Short Takes

What exactly happened to the CSS Hunley?

Its fate has been the subject of almost 150 years of conjecture and almost a decade of scientific research since the Hunley was raised back in 2000. But the submarine has been agonizingly slow surrendering her secrets.

“She was a mystery when she was built. She was a mystery as to how she looked and how she was constructed for many years and she is still a mystery as to why she didn’t come home,” said state Sen. Glenn McConnell, R-Charleston and chairman of the South Carolina Hunley Commission, which raised the sub and is charged with conserving and displaying it.

Was it sunk by a Union ship?

The crew’s bodies were found at their duty stations, suggesting there was no emergency resulting in a scramble to get out of the sub. And the controls on the bilge pump were not set to pump water from the crew compartment, suggesting there was no water flooding in.

The current theory is that the attack was successful but that the crew died of anoxia while waiting for the tide to turn.

Meanwhile things are looking bad for books and magazines. Magazine ad revenues are plummeting:

Wired, which is usually thick with consumer electronics ads, was the worst hit, down 47 percent from a year ago to 43.6 ad pages. Architectural Digest fell 46 percent, to 63.2, from 116.8. Vogue and Lucky were both down about 44 percent.

The book market is doing much better, but not by much. In “Puttin’ Off the RitzTimes writer Motoko Rich looks at the “new austerity” in publishing.

Book sales have deteriorated since the beginning of October, falling about 7 percent compared with the same period the previous year, according to Nielsen BookScan, which tracks about 70 percent of sales. That slide is driving much of the immediate cutbacks, but the publishing industry is also being convulsed by longer-term trends, including a shift toward digital reading and competition from an array of entertainment options like video games and online social networking.

So don’t expect to be wined and dined for the contract on that new Civil War novel you’re writing, then handed a big advance. You’ll be lucky to get a Bud light, a Big Mac, and gas money home.

Still, publishing houses continue to pursue the “blockbuster” strategy i.e. putting a huge amount of time and effort in an attempt to create a bestseller at the expense of everything else. The reason for this is grounded in the economics of publishing. The vast majority of expenses (promotion, printing, etc.) are up front, so there is a huge potential return if you can get past the breakeven point. Unfortunately this means that publishers now ignore any book that does not have that potential. If you’d like a more detailed look read Anita Elberse’s article in the Wall Street Journal.

For micropublishers like myself this is both good and bad. Bad because books are considered a luxury item and, with magazines, are one of the first things people cut back on in a recession. Bad that it’s hard to get distribution of small books because distributors would rather handle big sellers, but good that that we have less “downmarket” competition.

And finally, a look at Google Books.

Ever since Google began scanning printed books four years ago, scholars and others with specialized interests have been able to tap a trove of information that had been locked away on the dusty shelves of libraries and in antiquarian bookstores.

According to Dan Clancy, the engineering director for Google book search, every month users view at least 10 pages of more than half of the one million out-of-copyright books that Google has scanned into its servers.

Google’s book search “allows you to look for things that would be very difficult to search for otherwise,” said Zimmer, whose site is visualthesaurus.com.

I’m one of them. Google has a huge trove of 19th century military-related books that would be difficult if not impossible to find elsewhere. The really neat thing about it, though, is that you can search across thousands of books for a phrase or a name. Now that Microsoft has dropped out, they’re the only game in town.

Still, there are reasons for unease. Google has also scanned a great many copyrighted works (generally speaking, anything older than about 1920 is public domain) and was thus the subject of a copyright suit.

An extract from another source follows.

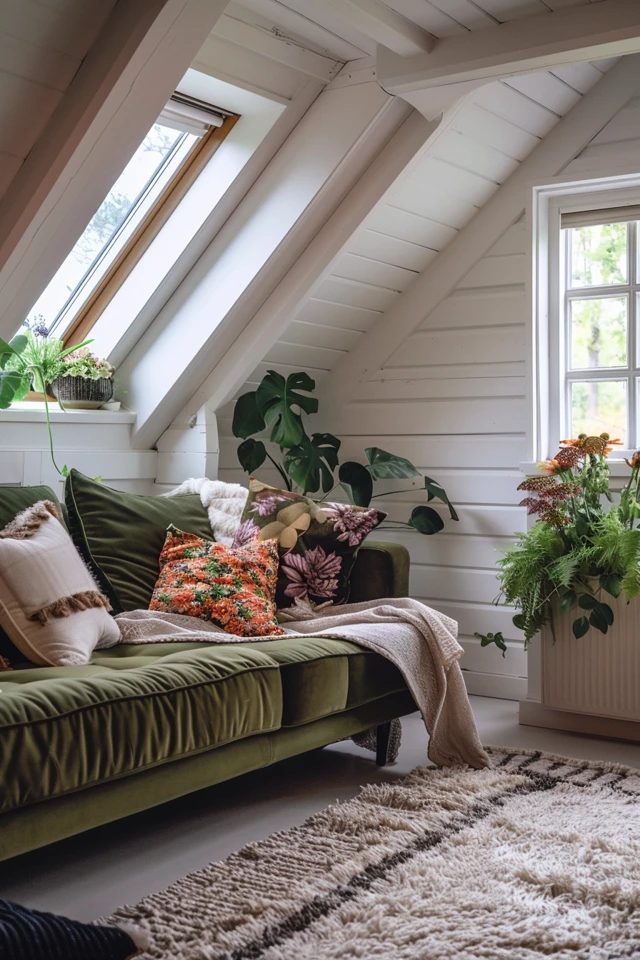 Tips for Designing a Cozy Attic Living Room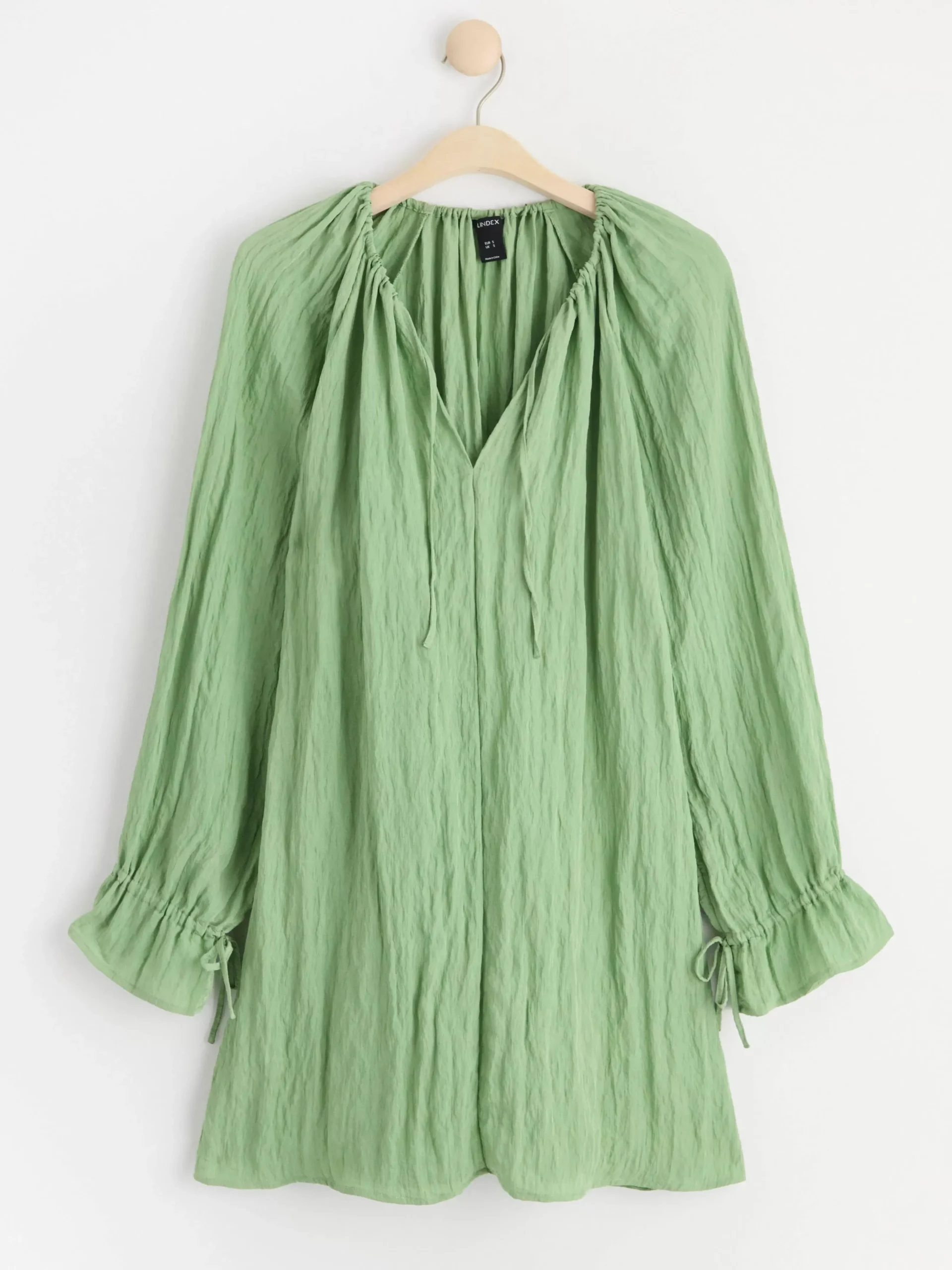 Blusar & Skjortor>Lindex Tunika Med Lang Arm Green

A settlement in October with authors and publishers who had brought two copyright lawsuits against Google will make it possible for users to read a far greater collection of books, including many still under copyright protection.

The agreement, pending approval by a judge this year, also paved the way for both sides to make profits from digital versions of books. Just what kind of commercial opportunity the settlement represents is unknown, but few expect it to generate significant profits for any individual author. Even Google does not necessarily expect the book program to contribute significantly to its bottom line.

Unfortunately, it won’t contribute much to the author’s bottom line either.

For the average author, “this is not a game changer” in an economic sense, said Richard Sarnoff, chairman of the Association of American Publishers and president of the digital media investments group at Bertelsmann, the parent company of Random House, the world’s largest publisher of consumer books.

“They will get paid for the use of their book, but whether they will get paid so much that they can start living large — I think that’s just a fantasy,” Sarnoff said. “I think there will be a few authors who do see significant dollars out of this, but there will be a vast number of authors who see insignificant dollars out of this.”

But, he added, “a few hundred dollars for an individual author can equate to a considerable sum for a publisher with rights to 10,000 books.”